Why cannot a set be its own element?
When I study Topology, I met with a problem. On my book, it says 'we cannot admit that there exists a set whose members are all the topological spaces. That will lead to a logical contradiction, that there will be a set who is a member of itself.' But why we cannot have a set who is a member of itself?
We cannot admit that there exists a set whose members are all the topological spaces. That will lead to a logical contradiction, that there will be a set who is a member of itself.
This is not quite untrue, but at the very least, its a deceptive statement. Sure, in the usual formulation of set theory (namely, ZFC), no set can be a member of itself, but this is basically because (to oversimplify a little) we declare via axiom that "there are no infinite descending membership chains" (see also, axiom of regularity). This means that, in particular, if there was a set $x$ such that $x \in x$, then we'd have
$$\cdots x \in x \in x$$
which is an infinite decreasing membership chain. So, that would be a contradiction. The point, though, is that there are perfectly good variants of ZFC in which there exist sets $x$ satisfying $x \in x$, see also non-well-founded set theory.

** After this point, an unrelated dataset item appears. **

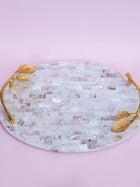 Serving Tray with Handle - Mother of Pearl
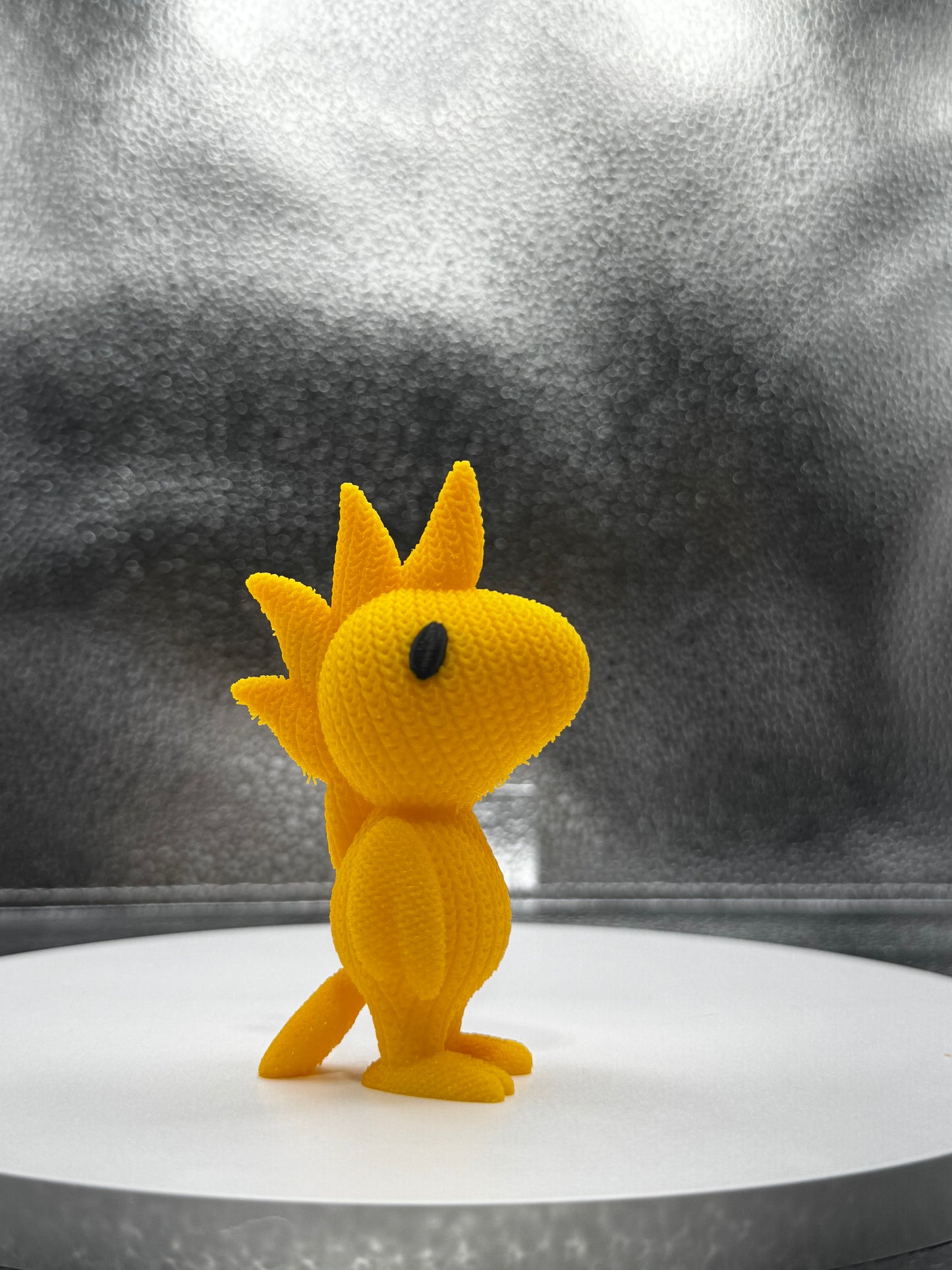 Yellow Bird 3d Print Colored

Indeed, topology can be developed pretty much independently of whether or not well-founded sets exist. Therefore, that quote is not an example of good mathematical writing.
However, the author is correct that there cannot be a set of all topological spaces. Now you may say:
Wait, I can define the notion of a topological space. Its a pair $(X,\tau)$ such that [whatever]. And if I can define a concept, then the set of all instances of that concept must exist. So, the set of all topological spaces must exist.
Sounds convincing, right? Indeed for quite a long time, mathematicians believed the basic idea that "if you can define a concept, then the set of all instances that concept must exist." It was Russell whom first realized that this principle, which is formalized by the (contradictory) axiom schema of unrestricted comprehension, is untenable. The proof goes something like this. Suppose that for any formula $\phi(x)$ I can write down, there is a set of all $x$ satisfying $\phi(x)$. Then, there is a set of all $x$ satisfying $x \notin x$, call it $R$. Thus $y \in R$ iff $y \notin y$, for all $y$. So $R \in R$ iff $R \notin R$, a contradiction. Basically, this happens because we cannot consistently decide whether or not $R$ should be an element of itself. See also, Russell's Paradox.
So, we need some new set-existence principles, which (hopefully!) don't lead to an outright contradiction like that. The standard collection of set-existence principles is called ZFC. What you've got to understand about ZFC is, its based on the philosophy that "the only reason a set shouldn't exist, is if its too large." So for example, we have an axiom schema (namely, replacement) stating that, if the domain of a (definable) function exists, then its range (aka image) must also exist. This makes sense in light of the philosophy of ZFC, because the range of a function always has cardinality less-than-or-equal-to the cardinality of its domain. So, using this principle, we can always use a set $X$ to prove the existence of a lot of smaller sets (as well as different sets of equal size).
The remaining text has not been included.